● Data for this exercise:
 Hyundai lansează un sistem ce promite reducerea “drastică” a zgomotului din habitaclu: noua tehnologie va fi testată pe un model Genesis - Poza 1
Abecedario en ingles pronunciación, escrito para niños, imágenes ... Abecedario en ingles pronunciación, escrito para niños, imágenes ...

--

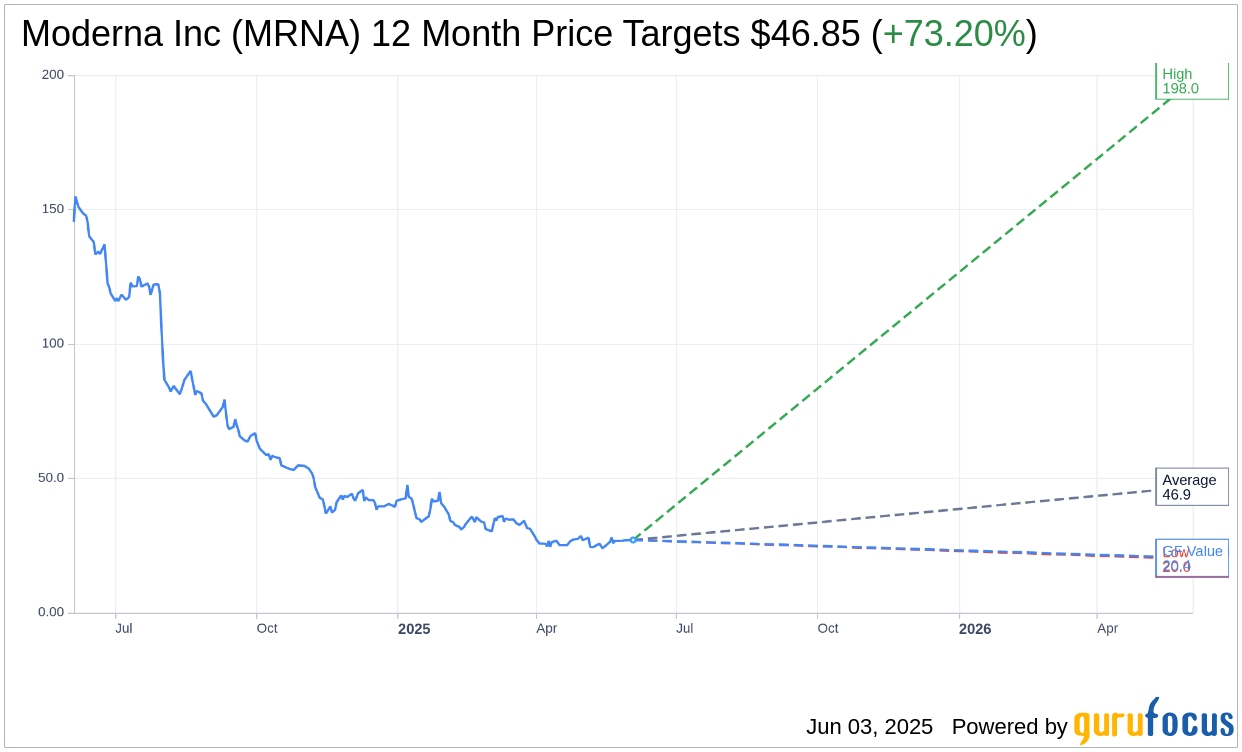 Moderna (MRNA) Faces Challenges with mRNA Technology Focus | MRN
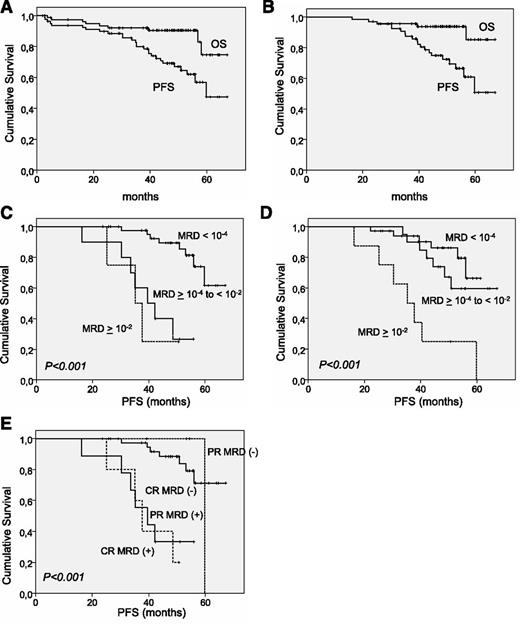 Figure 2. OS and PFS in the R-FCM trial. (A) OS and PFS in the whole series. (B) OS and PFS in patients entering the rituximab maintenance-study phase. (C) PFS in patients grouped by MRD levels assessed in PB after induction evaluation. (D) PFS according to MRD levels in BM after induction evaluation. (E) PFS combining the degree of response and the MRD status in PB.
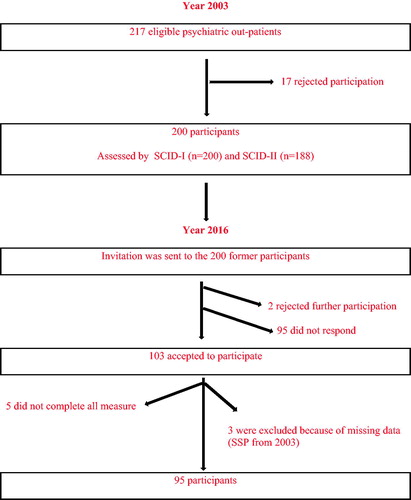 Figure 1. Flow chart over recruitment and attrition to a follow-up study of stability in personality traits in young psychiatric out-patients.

● Problem to solve:
Go to the line in the material above that contains "Hyundai lansează un" and copy exactly from there through the line that contains "imágenes ... Abecedario", stopping after it.

● Finished exercise:
 Hyundai lansează un sistem ce promite reducerea “drastică” a zgomotului din habitaclu: noua tehnologie va fi testată pe un model Genesis - Poza 1
Abecedario en ingles pronunciación, escrito para niños, imágenes ... Abecedario en ingles pronunciación, escrito para niños, imágenes ...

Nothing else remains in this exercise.